At SC21, a group of experts asked just that question at a birds-of-a-feather session titled “Can fast be green? Opportunities and challenges for Europe when making HPC sustainable”. The session was moderated by Maike Gilliot, an HPC project manager for the European Technology Platform for HPC (ETP4HPC) and Andreas Wierse, managing director of HPC firm Sicos BW. There were two featured speakers: Franz-Josef Pfreundt, an HPC manager at the Fraunhofer Institute, and Daniele Cesarini, a senior engineer at Cineca. Both speakers are also members of the steering board for ETP4HPC, which is a private organization aimed at promoting European HPC development.

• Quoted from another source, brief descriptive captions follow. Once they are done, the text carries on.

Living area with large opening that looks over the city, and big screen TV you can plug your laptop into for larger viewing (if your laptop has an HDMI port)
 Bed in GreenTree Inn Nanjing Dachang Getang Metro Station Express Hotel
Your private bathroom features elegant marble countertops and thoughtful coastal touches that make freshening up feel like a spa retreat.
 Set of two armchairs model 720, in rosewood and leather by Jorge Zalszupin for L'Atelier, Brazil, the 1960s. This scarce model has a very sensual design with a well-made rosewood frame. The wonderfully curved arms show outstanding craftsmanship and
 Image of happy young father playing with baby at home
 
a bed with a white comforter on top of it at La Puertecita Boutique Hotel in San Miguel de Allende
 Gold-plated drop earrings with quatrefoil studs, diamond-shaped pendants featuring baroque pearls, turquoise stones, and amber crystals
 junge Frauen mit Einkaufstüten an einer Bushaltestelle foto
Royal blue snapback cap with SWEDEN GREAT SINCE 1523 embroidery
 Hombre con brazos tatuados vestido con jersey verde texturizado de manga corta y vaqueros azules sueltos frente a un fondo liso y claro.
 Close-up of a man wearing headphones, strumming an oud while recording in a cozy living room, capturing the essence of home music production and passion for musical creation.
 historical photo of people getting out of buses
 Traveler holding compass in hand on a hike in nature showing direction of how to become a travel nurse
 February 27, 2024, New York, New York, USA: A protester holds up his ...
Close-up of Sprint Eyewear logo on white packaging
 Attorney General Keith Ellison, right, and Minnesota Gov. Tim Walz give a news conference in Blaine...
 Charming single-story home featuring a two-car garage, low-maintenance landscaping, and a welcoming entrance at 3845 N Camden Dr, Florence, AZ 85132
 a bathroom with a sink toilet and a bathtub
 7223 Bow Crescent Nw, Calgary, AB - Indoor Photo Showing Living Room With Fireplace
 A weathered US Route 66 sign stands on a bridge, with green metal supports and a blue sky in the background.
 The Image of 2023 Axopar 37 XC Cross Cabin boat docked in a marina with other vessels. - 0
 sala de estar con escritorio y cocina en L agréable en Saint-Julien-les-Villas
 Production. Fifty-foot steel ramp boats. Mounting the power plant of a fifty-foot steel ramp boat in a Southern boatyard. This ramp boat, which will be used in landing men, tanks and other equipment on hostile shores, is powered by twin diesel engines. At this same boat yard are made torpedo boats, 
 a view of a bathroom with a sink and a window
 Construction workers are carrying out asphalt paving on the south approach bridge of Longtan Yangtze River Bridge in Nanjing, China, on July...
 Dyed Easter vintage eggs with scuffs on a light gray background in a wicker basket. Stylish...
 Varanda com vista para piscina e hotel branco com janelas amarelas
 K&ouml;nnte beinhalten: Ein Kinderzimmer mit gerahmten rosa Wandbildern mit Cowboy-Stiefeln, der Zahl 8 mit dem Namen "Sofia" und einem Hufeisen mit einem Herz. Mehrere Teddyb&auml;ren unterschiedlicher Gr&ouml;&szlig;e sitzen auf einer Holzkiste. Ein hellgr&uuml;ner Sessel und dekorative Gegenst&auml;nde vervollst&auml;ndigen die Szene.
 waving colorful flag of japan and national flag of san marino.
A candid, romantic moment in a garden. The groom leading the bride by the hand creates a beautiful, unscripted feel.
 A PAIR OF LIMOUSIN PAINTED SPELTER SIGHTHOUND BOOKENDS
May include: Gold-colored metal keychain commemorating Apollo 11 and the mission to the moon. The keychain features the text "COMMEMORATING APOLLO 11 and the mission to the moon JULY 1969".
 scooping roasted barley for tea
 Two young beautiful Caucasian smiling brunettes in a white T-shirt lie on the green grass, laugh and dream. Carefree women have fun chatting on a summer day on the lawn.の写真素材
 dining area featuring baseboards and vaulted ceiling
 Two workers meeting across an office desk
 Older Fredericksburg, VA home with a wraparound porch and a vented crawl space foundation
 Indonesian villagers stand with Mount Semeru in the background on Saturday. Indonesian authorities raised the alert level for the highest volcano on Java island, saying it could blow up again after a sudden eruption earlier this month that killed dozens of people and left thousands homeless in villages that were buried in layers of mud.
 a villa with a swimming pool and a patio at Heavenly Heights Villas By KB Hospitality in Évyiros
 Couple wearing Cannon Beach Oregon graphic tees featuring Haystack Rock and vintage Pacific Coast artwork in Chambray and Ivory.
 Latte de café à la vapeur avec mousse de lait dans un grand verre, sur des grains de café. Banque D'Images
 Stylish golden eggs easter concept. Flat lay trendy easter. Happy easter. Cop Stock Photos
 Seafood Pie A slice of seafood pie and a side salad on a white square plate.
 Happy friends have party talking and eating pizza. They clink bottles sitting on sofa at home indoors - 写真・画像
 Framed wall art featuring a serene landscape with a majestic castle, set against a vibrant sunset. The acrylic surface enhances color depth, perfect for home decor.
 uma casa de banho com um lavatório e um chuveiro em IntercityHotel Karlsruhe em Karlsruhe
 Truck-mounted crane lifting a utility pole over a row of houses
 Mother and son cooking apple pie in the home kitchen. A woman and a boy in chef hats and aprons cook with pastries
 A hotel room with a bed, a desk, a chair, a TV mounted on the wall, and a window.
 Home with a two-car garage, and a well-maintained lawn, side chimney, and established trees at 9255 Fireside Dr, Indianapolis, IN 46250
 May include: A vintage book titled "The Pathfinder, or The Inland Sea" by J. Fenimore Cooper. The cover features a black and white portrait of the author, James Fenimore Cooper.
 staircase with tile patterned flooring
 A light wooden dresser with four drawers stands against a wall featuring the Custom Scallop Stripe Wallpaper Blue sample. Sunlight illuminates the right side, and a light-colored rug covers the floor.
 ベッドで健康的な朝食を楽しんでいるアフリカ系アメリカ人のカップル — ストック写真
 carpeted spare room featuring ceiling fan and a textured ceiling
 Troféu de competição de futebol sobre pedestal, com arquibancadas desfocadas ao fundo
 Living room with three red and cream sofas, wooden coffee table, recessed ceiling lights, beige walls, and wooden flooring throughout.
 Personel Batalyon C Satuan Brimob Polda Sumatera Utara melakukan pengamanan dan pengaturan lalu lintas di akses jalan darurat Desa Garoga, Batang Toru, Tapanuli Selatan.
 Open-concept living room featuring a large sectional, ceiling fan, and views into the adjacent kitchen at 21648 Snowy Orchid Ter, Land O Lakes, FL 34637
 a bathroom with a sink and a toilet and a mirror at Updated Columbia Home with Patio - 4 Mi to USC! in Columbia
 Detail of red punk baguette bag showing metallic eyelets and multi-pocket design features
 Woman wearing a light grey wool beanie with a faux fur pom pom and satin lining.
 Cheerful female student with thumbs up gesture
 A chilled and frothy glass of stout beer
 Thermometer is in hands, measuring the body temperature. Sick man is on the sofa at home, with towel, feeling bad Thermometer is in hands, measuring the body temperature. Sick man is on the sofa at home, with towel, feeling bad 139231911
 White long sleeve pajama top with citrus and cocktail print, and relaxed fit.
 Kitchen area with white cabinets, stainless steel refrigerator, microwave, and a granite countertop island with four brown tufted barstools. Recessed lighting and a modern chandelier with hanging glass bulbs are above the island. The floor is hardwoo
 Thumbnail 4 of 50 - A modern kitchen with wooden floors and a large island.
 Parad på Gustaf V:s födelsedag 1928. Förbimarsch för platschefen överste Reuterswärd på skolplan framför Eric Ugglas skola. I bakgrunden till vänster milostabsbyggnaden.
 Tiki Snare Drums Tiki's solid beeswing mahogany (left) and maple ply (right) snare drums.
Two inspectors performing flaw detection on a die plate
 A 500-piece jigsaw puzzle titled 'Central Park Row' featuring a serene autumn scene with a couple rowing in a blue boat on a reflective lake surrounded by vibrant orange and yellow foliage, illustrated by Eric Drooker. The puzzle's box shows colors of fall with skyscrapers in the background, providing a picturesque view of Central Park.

“Why are we, in Europe, looking at this topic?” Gilliot opened. “And the truth is that, of course, all of us, we should engage in efforts for reducing climate change and for watching and controlling the use of energy – but beyond this, on a European level, we will also have constraints forcing us to look into these topics.” Indeed, beyond Europe’s longstanding – and tightening – restrictions on energy production and carbon intensity, Europe is soon implementing legal requirements around the environmental total cost of ownership.
Freundt presented first. “Although we have increased the computing power a lot [between 2010 and 2018], the energy consumption [of the sector] more or less stayed flat,” he said, attributing that contradiction to improvements in cooling optimization. “But the predictions are not so good,” he continued. “There is an explosion in front of us” – and, he said, a lot of work would be necessary to keep energy consumption flat in the face of rapidly expanding and multiplying datacenters.
To that end, Freundt said, there were a number of promising signs: big tech companies like Apple and Google investing heavily in renewable energy, as well as initiatives like the Green500 and the Energy Efficient HPC Working Group. Still, he said, computing power was growing exponentially – and energy reductions weren’t enough to keep up.
“The question is: what can we do?” he said. And for Freundt, the answer comes down to reframing the conversation.
“I am very much in favor of renaming it ‘high-efficiency computing’ instead of ‘high-performance computing,’” he said, “since we really are the community that knows how to design fast algorithms, we know how to make really efficient implementations, how to efficiently parallelize algorithms – which is always necessary – and how to choose the right hardware to do it.”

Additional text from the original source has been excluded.